IHS: Apple's iPad Air Costs $42 Less to Make than iPad 3

IHS announced the results of its teardown analysis on Apple's new iPad Air, and the research firm believes the new devices comes with even better margins than previous iPad models. The company said the bill of materials for the base iPad Air model comes to US$274, 13.3 percent less than the $316 BOM on the iPad 3 when it shipped in 2012.

IHS's teardown focused on the iPad 3, though the iPad 4 was released later in 2012. Both models were similar, but the figures in this report focus on the iPad 3.

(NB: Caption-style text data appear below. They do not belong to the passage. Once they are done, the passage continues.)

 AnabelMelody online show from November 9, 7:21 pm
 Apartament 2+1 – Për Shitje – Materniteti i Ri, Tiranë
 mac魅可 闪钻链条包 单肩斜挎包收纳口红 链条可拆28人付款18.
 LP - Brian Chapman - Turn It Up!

IHS Exploded View of iPad Air

IHS Exploded View of iPad Air

“While the iPad Air slims down in size, the profit margins are getting fatter,” Andrew Rassweiler, senior director, cost benchmarking services for IHS, said in a statement. “Although the Air’s new, ultrathin display and touch screen are more expensive than for the third-generation iPad, Apple has held the line on cost by taking advantage of price erosion in other areas. Furthermore, the iPad Air leverages the same components and suppliers that are used in the iPhone 5s and 5c as much as possible.”

The company also drove home the point that Apple's artificial storage-based price points are very profitable. The BOM on the 32GB iPad Air is just $8.40 more than the 16GB model, but it is priced $100 higher. This has long been understood about Apple's retail pricing on iPhone and iPad, but it's always fun to be reminded now and then.

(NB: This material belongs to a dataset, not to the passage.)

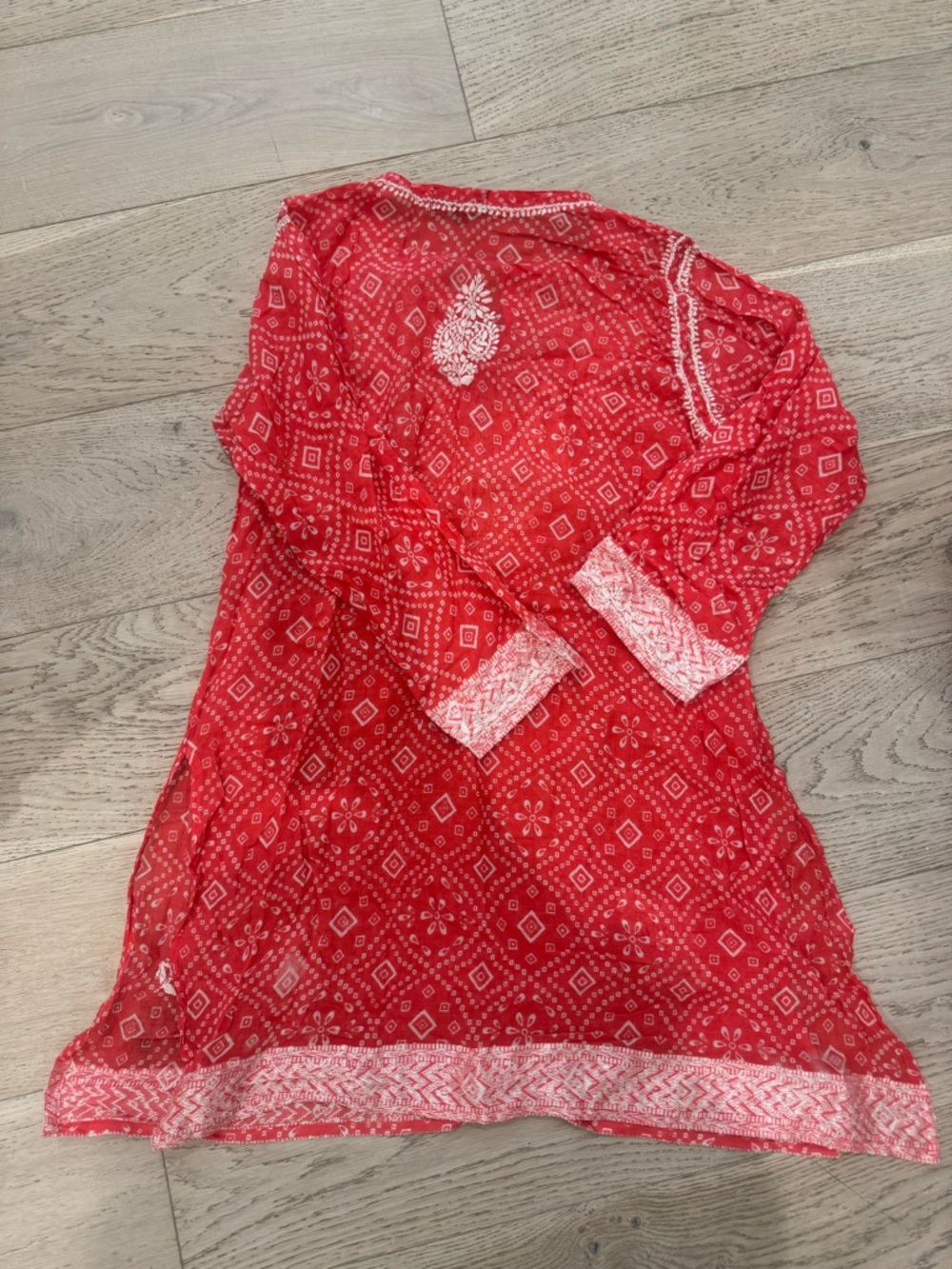 Capri Tunic - Picture 2 of 2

IHS also noted that the iPad Air's display is just 1.8mm thick, substantially thinner than the 2.23mm of the iPad 4. Apple also eked out some thinness in the touchscreen by using, "an expensive cyclo olephin polymer (COP) film sensor vs. the thicker and cheaper glass sensor used in the previous models."

Both of these choices actually added to the cost of the iPad Air, however. IHS estimated the iPad Air's display cost $90, compared to $87 for the pervious model. The touchscreen model is also more expensive, at $43, compared to $37.50 for the previous model.

Which means that Apple saved money in other areas. For instance, the power-saving features in iPad Air that allowed Apple to offer increased battery life as iPad 4 with a significantly smaller battery means spending less on that battery. IHS said that Apple also leveraged more parts with the iPhone 5s, meaning more price breaks on higher volumes.

IHS's teardowns look only at the cost of materials and labor (the company said manufacturing costs add another $6 to the cost of each device), and most of those costs are estimated. R&D (both engineering and design), marketing, and shipping costs aren't included.